Are the protests and marches the new normal around the world in 2017?

I’ve attended plenty of marches in my day, beginning in the 1980s when I took my children, the youngest in his stroller, to protest nuclear weapons.

The largest by far was the Women’s March in DC the day after Donald’s inauguration. Wearing our pink knitted pussy hats, we roared like mother lions.

Perhaps the most polite march was the smaller group of clergy and religious leaders of many different faiths that I joined on April 4th to remember the 50th anniversary of Dr. King’s “Beyond Vietnam” speech. We marched in straight lines, smiling and chanting all the way to the White House.

The #taxmarch on Saturday, April 15th was far more noisy. In more than 150 cities around the country, people took to the streets to demand that Donald release his tax returns.crowd 3

Senator Ron Wyden, D-Ore., and Representatives Maxine Waters, D-Calif., and Jamie Raskin, D-Md., had a very appreciative crowd when they called for Donald’s impeachment. I was heartened as the speakers at the podium in front of the U.S. Capitol passionately connected the dots between all of the issues — tax reform, ethics, climate justice, a livable wage, immigration and refugees, and more — but the best speaker was President Trump himself.

The entire event was filled with a mixture of outrage, humor and creative energy. Walking among the crowd, snapping pictures, I felt the camaraderie even though I knew no one.
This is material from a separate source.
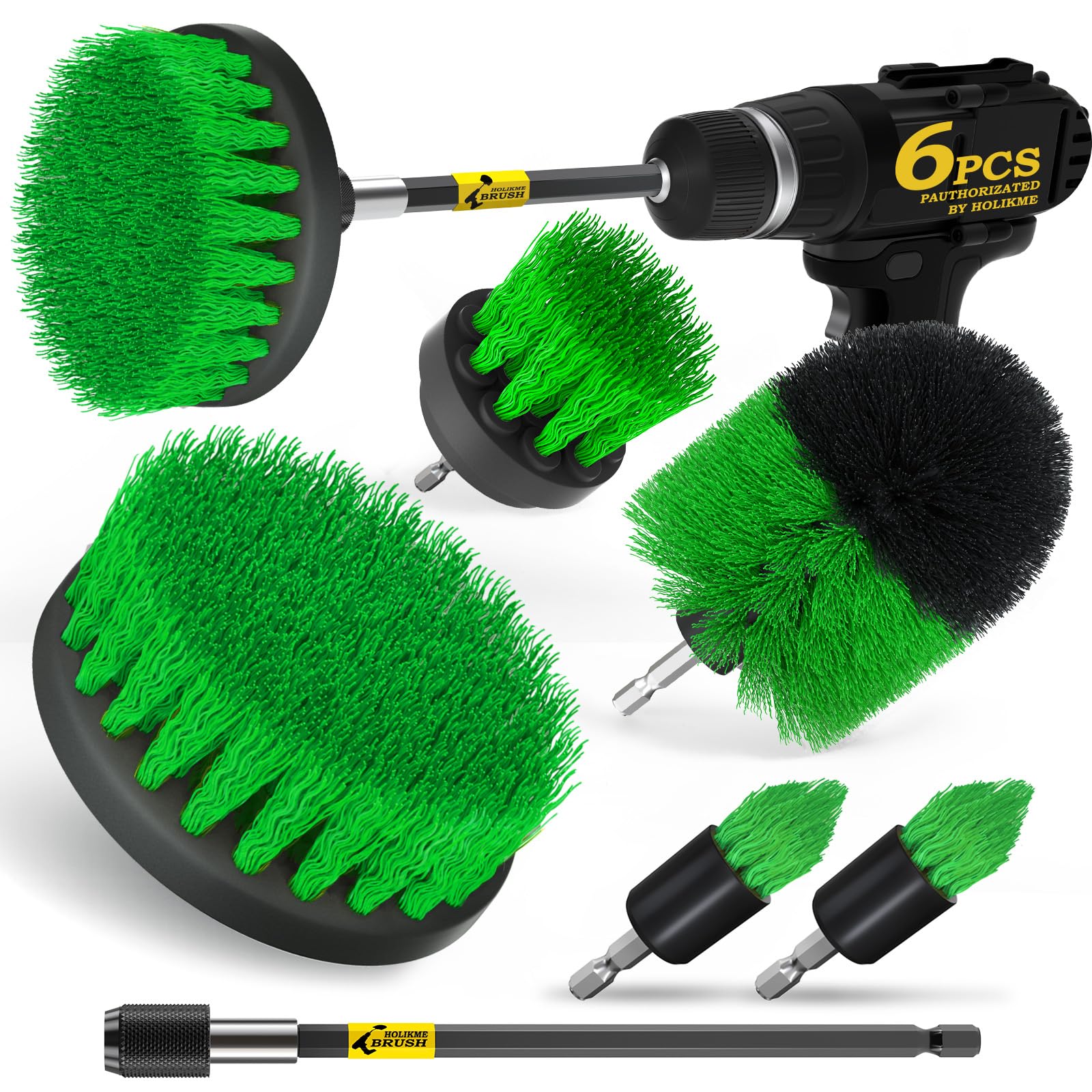 Holikme 6Pack Drill Brush Power Scrubber Cleaning Brush Extended Long Attachment Set All Purpose Drill Scrub Brushes Kit for Gro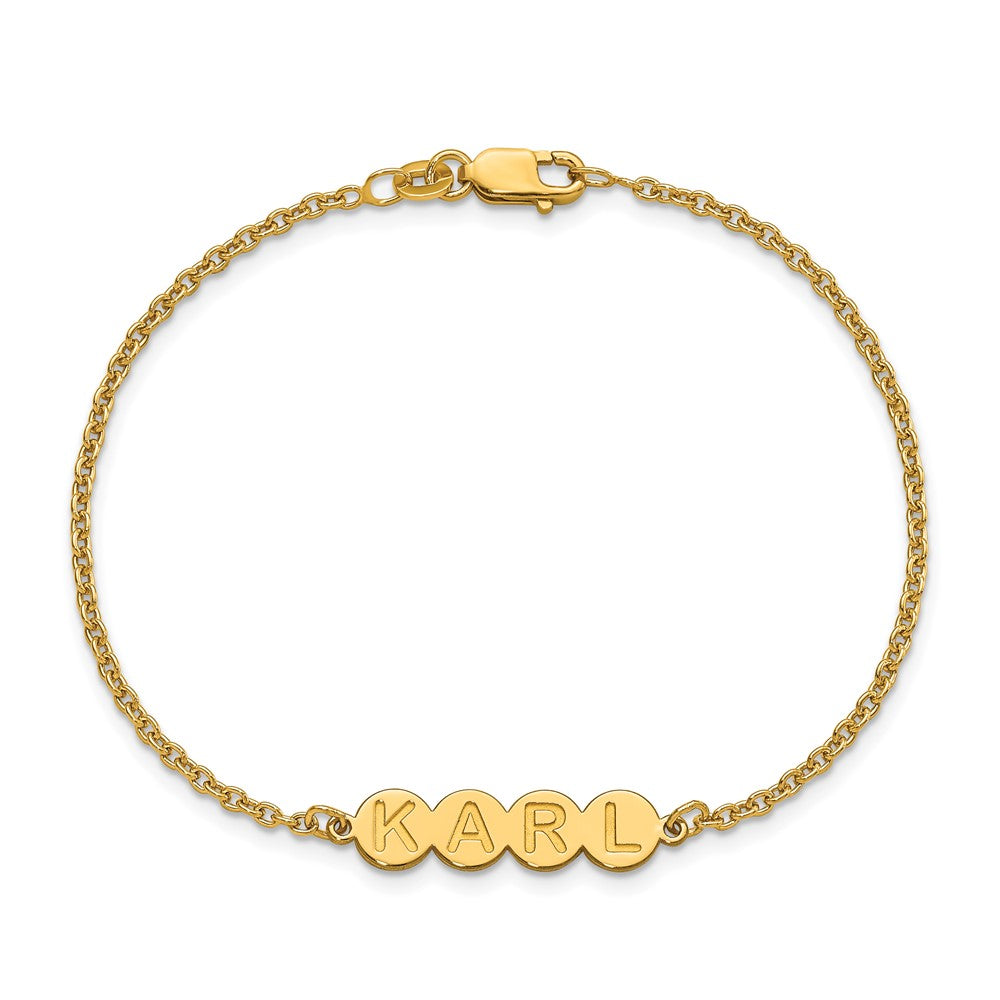 Vergoldet Sterlingsilber /gold 4 Buchstabe Blase Armband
Fifty years ago, Dr. King called for a “radical revolution in values” and beseeched us to see our common humanity; our interconnectedness. His profound truth — that we’re “tied together in a single garment of destiny” — is the radical revolution still waiting to be ignited in our human spirit. This truth seems to be just as elusive today as we grapple with the laundry lists of issues that scream for our attention!

Why do I march?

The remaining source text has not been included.